О печальной ситуации я прекрасно знал, как знал и о том, что не так давно в том же Козельском районе одна газета уже закрылась. И, тем не менее, я переступил через все эти пугающие факты и — через порог районной газеты.
Что собой представляет редакция районки? Коммуналку — «на тридцать восемь комнаток всего одна уборная». У «Козельска» было довольно просторное помещение — восемь комнат, из одной сделали курилку, из другой — туалет, хотя другой сортир был на том же этаже буквально у двери редакции. Но негоже делить толчок журналистам с народом! Свой туалет и простор — это собственно все плюсы.

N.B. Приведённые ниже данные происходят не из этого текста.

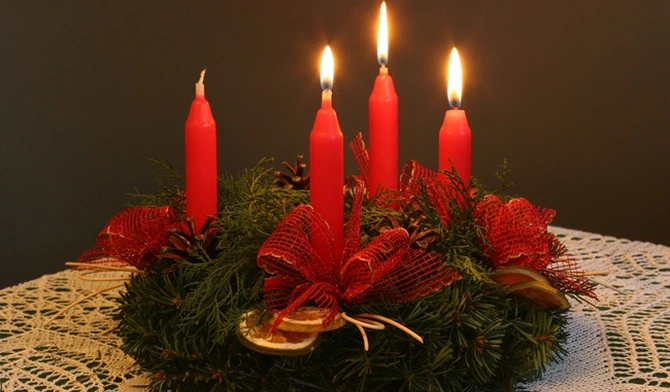 Trzecia świeca adwentowa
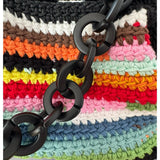 Detalle del bolso rayado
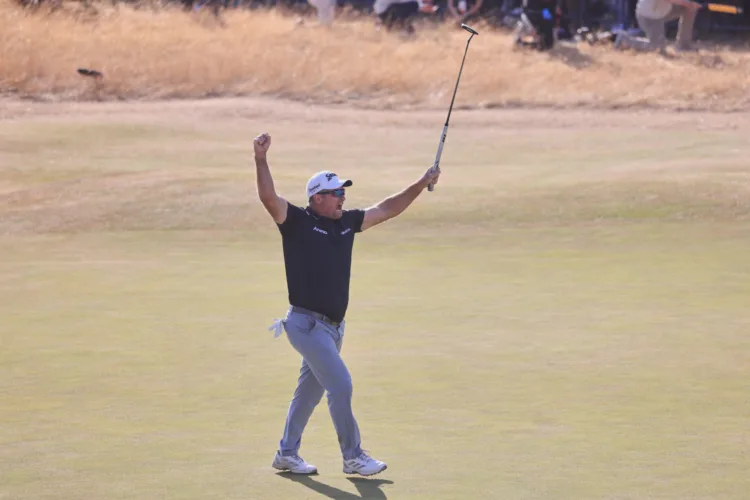 Fox birdies 18th to win Open Championship at Royal Birkdale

В остальном царил режим «назад в будущее». Облезлый линолеум, осыпающиеся то и дело потолки, желтые обои, громоздкая полированная мебель, собрания сочинений Ленина и Маркса на книжных полках.
Годы брежневского застоя отсюда не уходили. Примерно из тех же лет была и газета — писалась она языком отчетов, но отчетов именно советских или северокорейских — потому что даже местные чиновники не понимали, о чем пишет родная районка. Для кого и на каком языке.
Кто понимал — так это местные прокуроры и прочие товарищи, которые с удовольствием печатали в газете те же свои отчеты, а также «профилактические» материалы.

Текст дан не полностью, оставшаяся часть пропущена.